* Task statement:
Each line of the material holding the word "with" must be identified and copied.

* Given data:
● ● ● ●

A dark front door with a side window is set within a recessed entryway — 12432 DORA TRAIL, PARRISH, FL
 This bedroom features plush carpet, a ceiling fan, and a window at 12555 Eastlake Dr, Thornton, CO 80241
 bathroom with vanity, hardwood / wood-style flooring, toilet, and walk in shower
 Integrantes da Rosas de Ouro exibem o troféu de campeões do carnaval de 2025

● ● ● ●

* Solution:
A dark front door with a side window is set within a recessed entryway — 12432 DORA TRAIL, PARRISH, FL
 bathroom with vanity, hardwood / wood-style flooring, toilet, and walk in shower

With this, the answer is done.